Berita » Menyeminarkan Varietas Kedelai Hitam Terbaru

Nilai ekonomi kedelai hitam tidak hanya untuk bahan baku kecap dan olahan pangan lainnya, tetapi juga prospektif sebagai untuk kesehatan manusia karena kandungan antioksidannya khususnya antioksidan, yang konon berpotensi sebagai agen antitumor dan senyawa pencegah penyakit kardiovaskular. Mewartakan varietas kedelai hitam terbaru maka pemulia kedelai Balitkabi, Muchlish Adie, menyampaikan seminar tentang Detam 3 Prida dan Detam 4 Prida: varietas kedelai hitam berumur super genjah dan toleran kekeringan fase reproduktif; di aula Puslitbangtan Bogor, 24 Oktober 2013.

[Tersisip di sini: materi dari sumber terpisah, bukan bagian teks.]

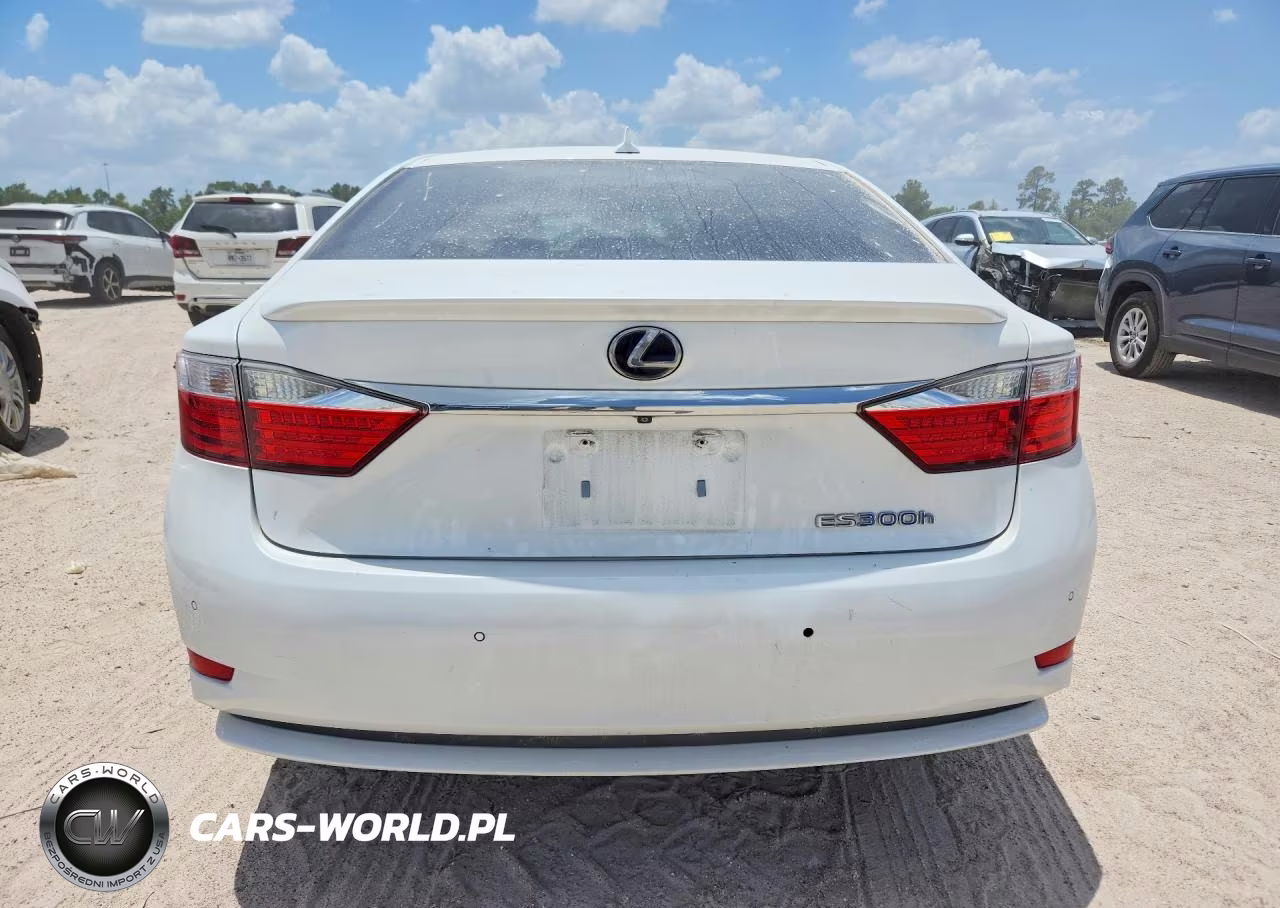 2013 Lexus Es 300H VIN:JTHBW1GG9D2019817 - 6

Hingga saat ini, pemerintah Indonesia telah tujuh varietas kedelai hitam dengan umur masak antara 82–95 hari, dan belum ada varietas kedelai hitam berumur genjah (<80 hari). Uji daya hasil yang dilakukan di 16 sentra produksi kedelai, hasil Detam 3 Prida mencapai 2,88 t/ha, lebih tinggi dibandingkan hasil biji Detam 1 (2,66 t/ha) maupun Mallika (2,46 t/ha). Sedangkan hasil biji Detam 4 Prida adalah 2,54 t/ha, lebih tinggi dibandingkan dengan Mallika. Detam 3 Prida dan Detam 4 Prida masing-masing dapat dipanen pada umur 75 dan 76 hari, artinya kedua varietas tersebut menjadi varietas kedelai hitam pertama di Indonesia yang berumur masak genjah. Detam 4 Prida toleran terhadap kekurangan air hingga 50% dari air tersedia. Toleransinya disebabkan oleh sistem perakaran yang baik dan mampu mengekstrak air lebih banyak pada kondisi kekurangan air, efisien dalam penggunaan air dan partisi fotosintat ke biji tinggi. Rendemen kecap dari Detam 3 Prida dan Detam 4 Prida masing-masing adalah 834.85% dan 811.80%, sedangkan rendemen kecap Detam 1 adalah 910.25% dan Mallika sebesar 842.45%. Uji sensoris menunjukkan kecap yang dihasilkannya berkategori disukai oleh panelis. Antusiasme peserta seminar cukup baik dalam mendiskusikan kedelai hitam ternasuk dari kalangan penyuluh dan media massa, dari nilai ekonomi kedelai berumur genjah, reaksi ketahanan terhadap hama penyakit, penyebab varietas yang baru toleran kekeringan hingga prospek pengembangan Detam 3 Prida dan Detam 4 Prida. Disampaikan oleh Pak Muchlish bahwa peneliti Badan Litbang Pertanian telah bekerja sangat bagus dan telah banyak menghasilkan produk, tetapi titik lemahnya adalah tidak mampu membungkus temuannya menjadi menarik bagi pebisnis. Tugas lain dari inventor yang mulai harus dibenahi.